(Required work)
Reproduce, exactly and only, the lines of the data that follows from the one containing "My piece for" down to the one containing "Bàn trà điện thông minh bằng gỗ B324", without pictures.

(Captioned web images)
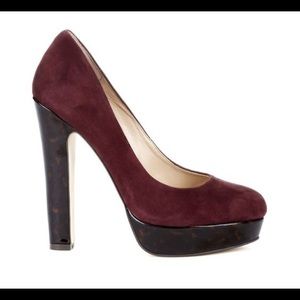 Sole Society Velvet Platform Pumps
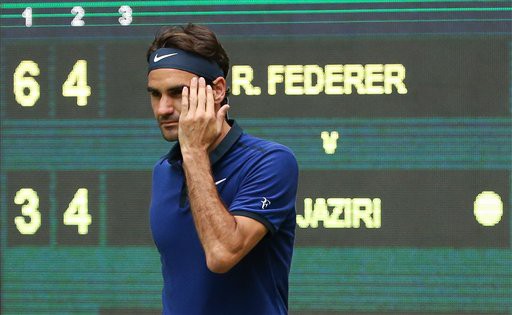 Roger Federer 2-0 Malek Jaziri: Ghi tên vào tứ kết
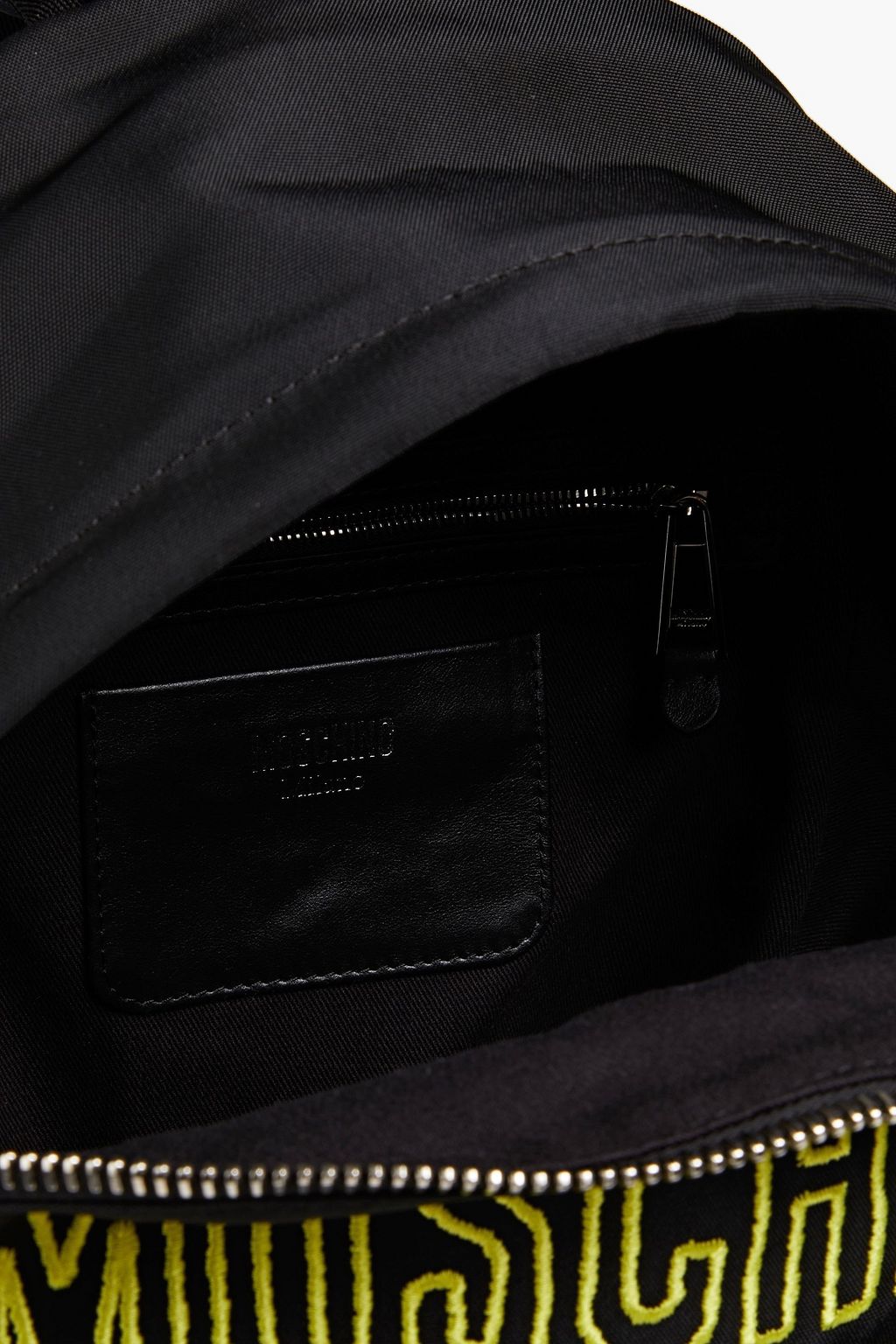 MOSCHINO Rucksack aus Canvas mit Logostickerei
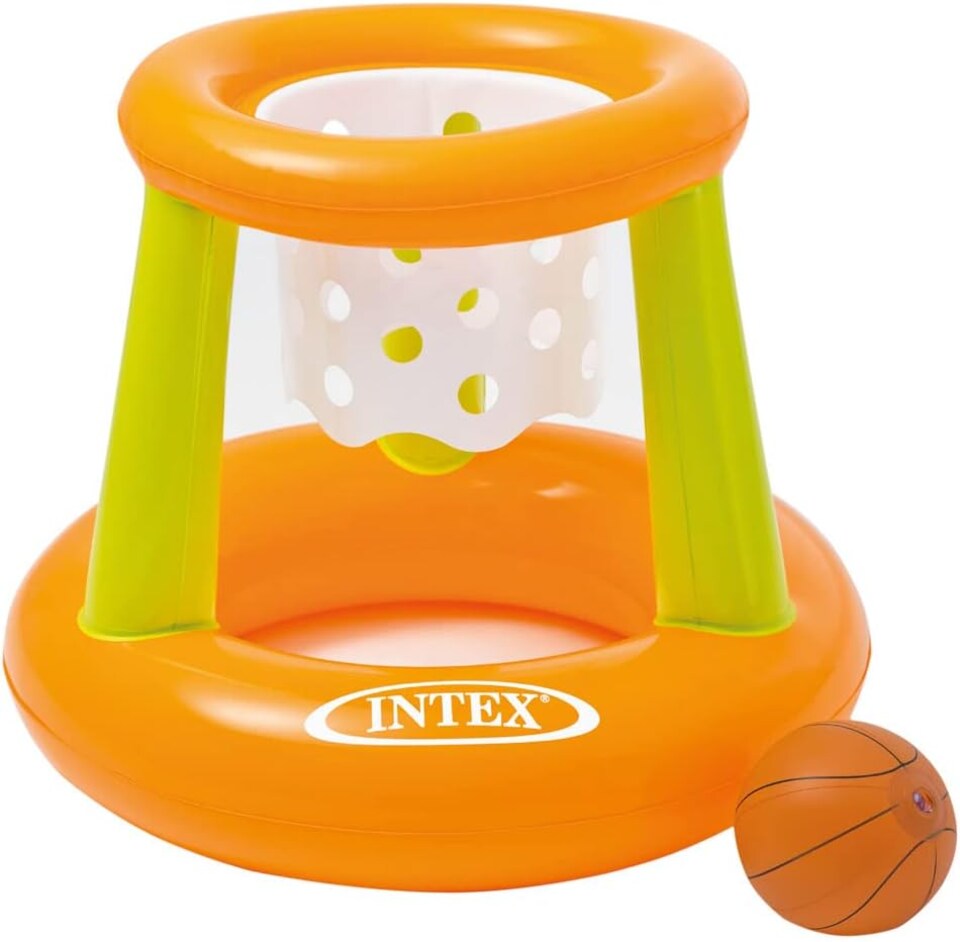 image 1 of Pool Volleyball Game Set And Floating Hoop Game -Water Sports Fun for All Ages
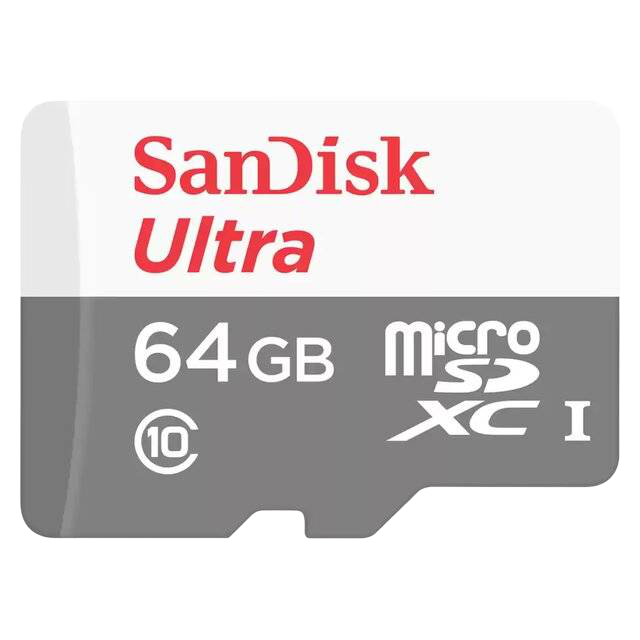 SanDisk Ultra 64GB MicroSDXC UHS-I Memory Card 100MB/s - 1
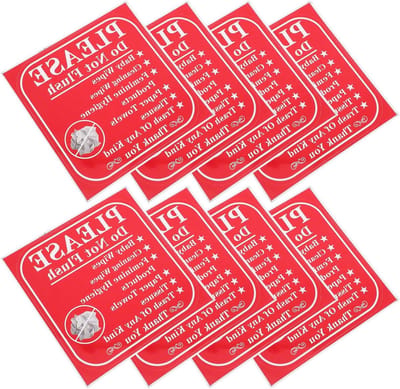 Toilet Indicator Stickers - Badkamer Slot - Voorkom Verstoppingen - Koperen Plaat - 15.2 x 15.2 cm - Rood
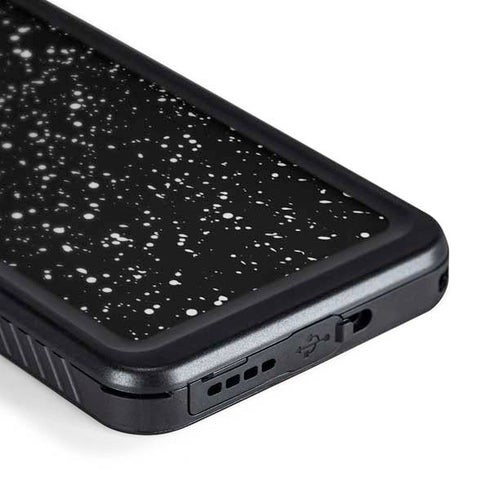 Black Speckle Galaxy S24 Waterproof Case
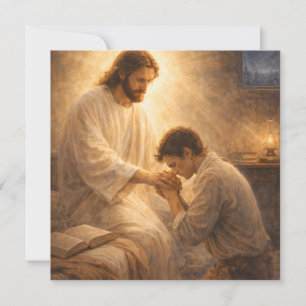 Invitation Une prière à genoux avec Jésus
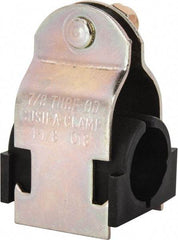 ZSI - 1/2" Pipe," Pipe Clamp with Cushion - Dichromate - Industrial Tool & Supply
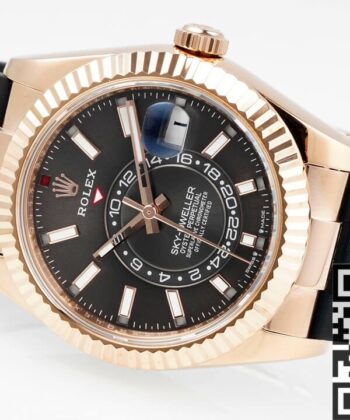 ZF Factory Rolex Sky Dweller M326235-0006 Gold Bezel Grey Dial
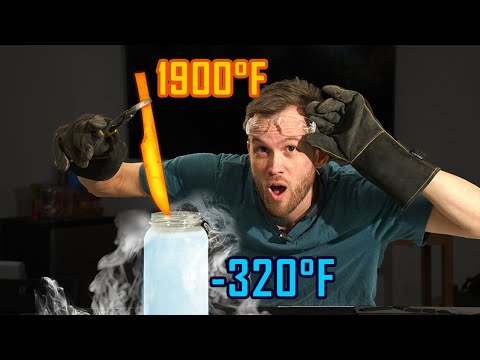 Quenching a Knife in Liquid Nitrogen!  Will it survive?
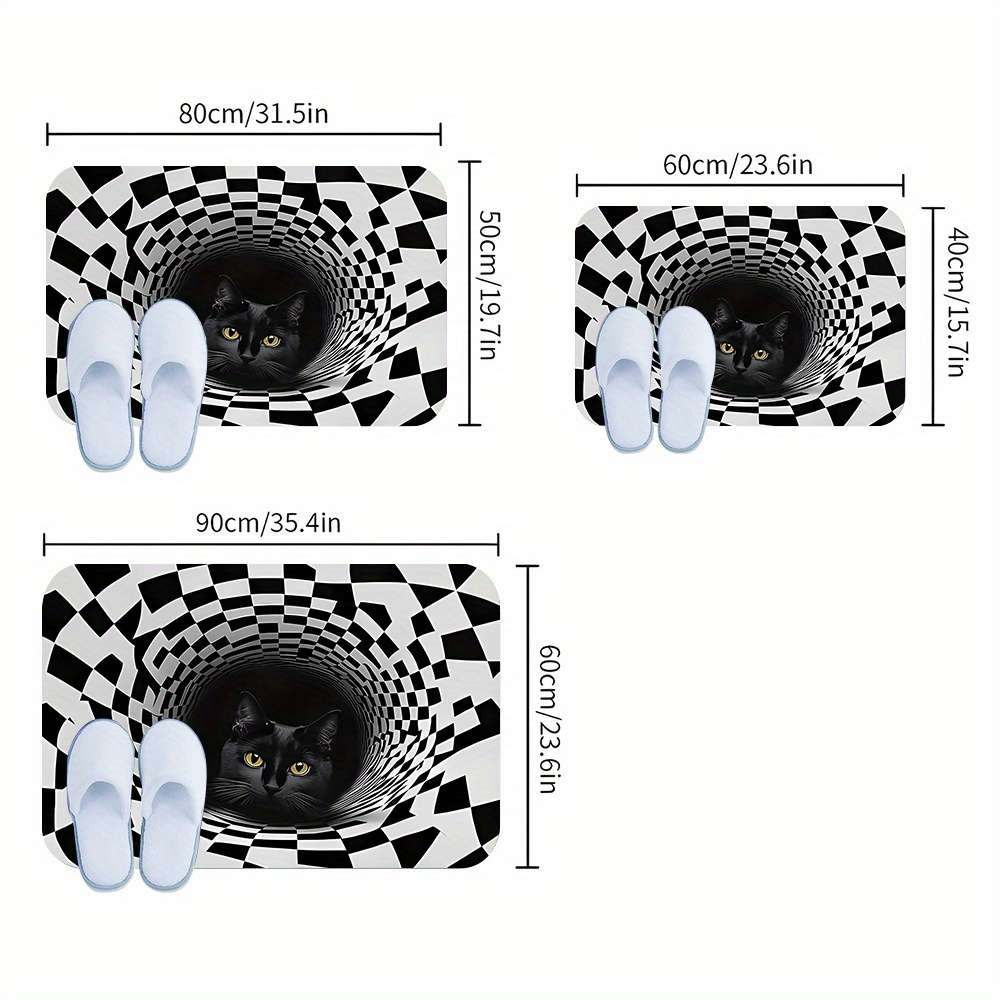 1Pc 60x90cm Floor Mat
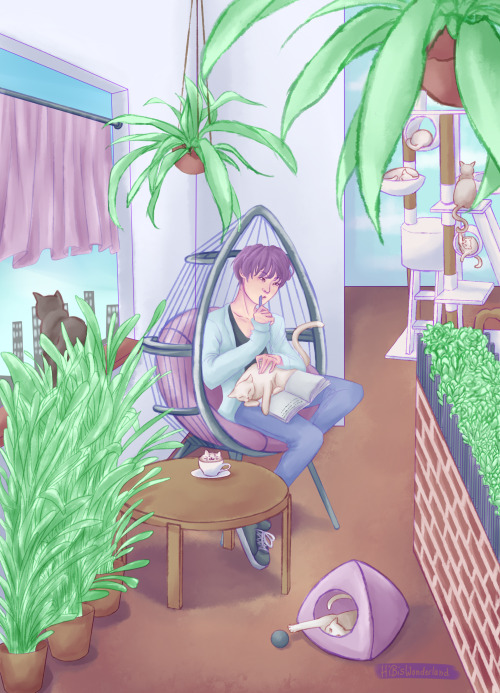 My piece for the Lil Meow Meow Zine! I had so much fun collaborating in the zine!!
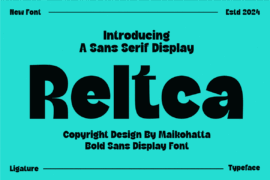 Reltca Font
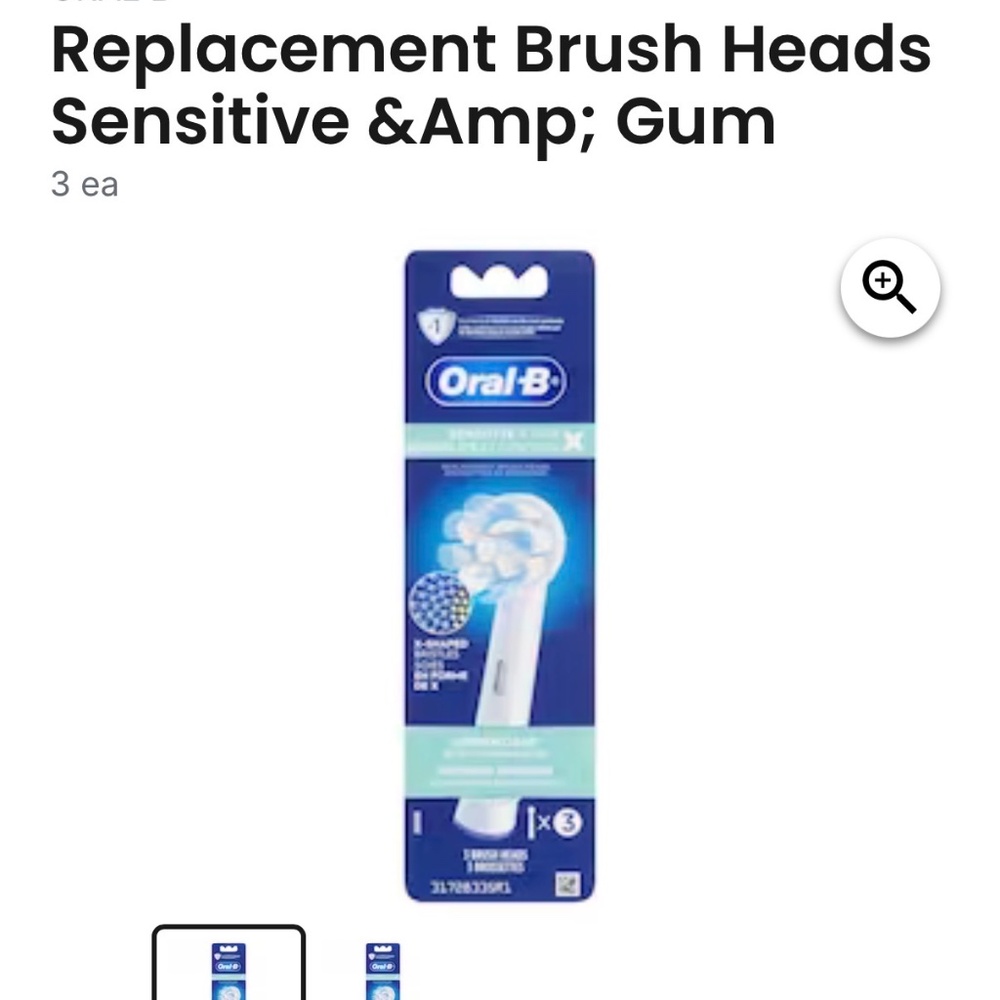 Oral-B brush heads sensitive and gum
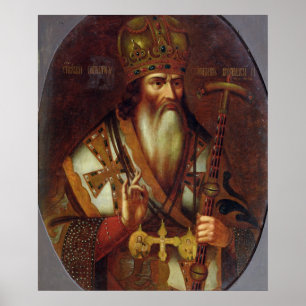 Portrait of Joachim, Patriarch of Moscow Poster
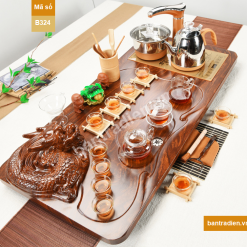 Bàn trà điện thông minh bằng gỗ B324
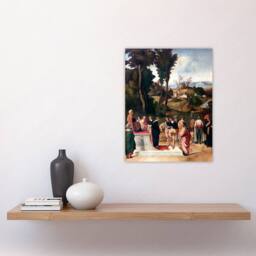 "Artery8 Giorgione Moses Undergoing Trial by Fire Wall Art Print - Size: W12"" x H16""" - thumbnail 4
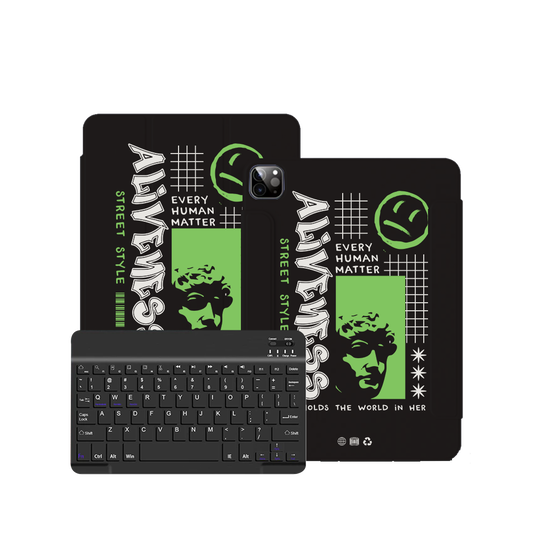 ฝาพับคีย์บอร์ดไร้สายสำหรับ iPad / Android - Alive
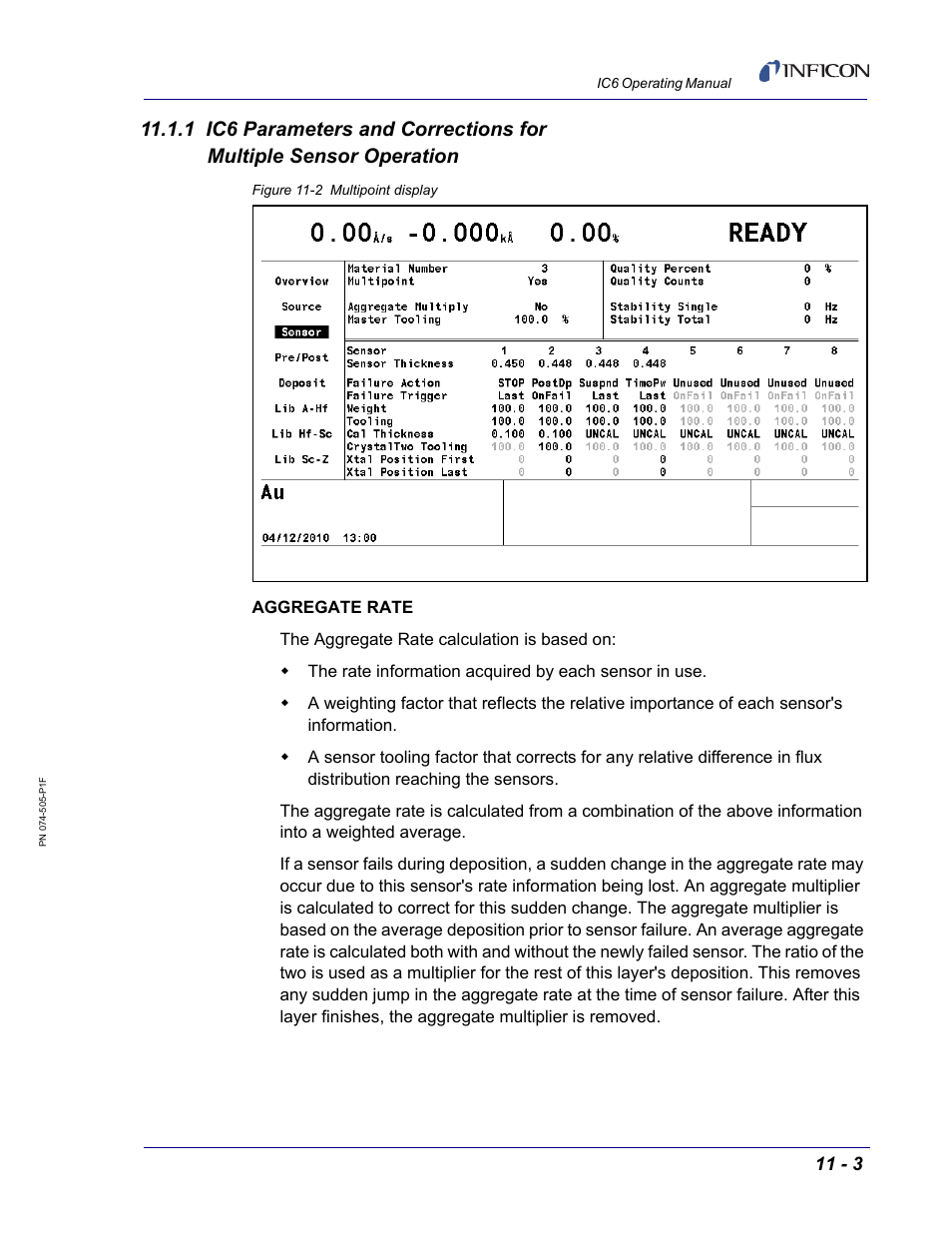 INFICON IC6 Thin Film Deposition Controller User Manual | Page 235 / 332
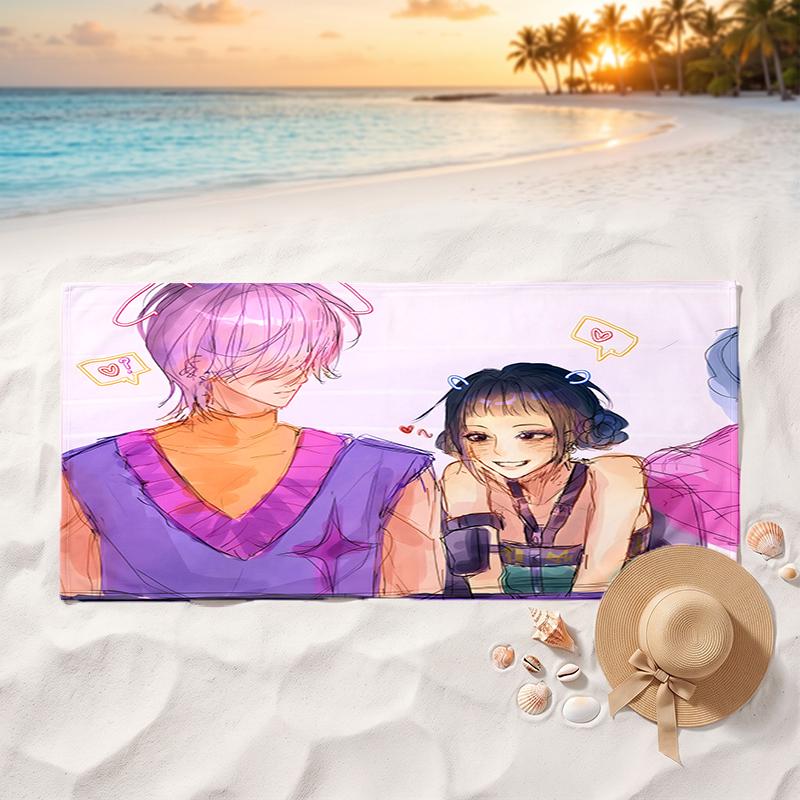 Zoeystery Soft and Comfortable Beach Towel Perfect for Vacations and Poolside Use an Ideal Gift for Summer Holidays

(Answer to the problem)
 My piece for the Lil Meow Meow Zine! I had so much fun collaborating in the zine!!
 Reltca Font
 Oral-B brush heads sensitive and gum
 Portrait of Joachim, Patriarch of Moscow Poster
 Bàn trà điện thông minh bằng gỗ B324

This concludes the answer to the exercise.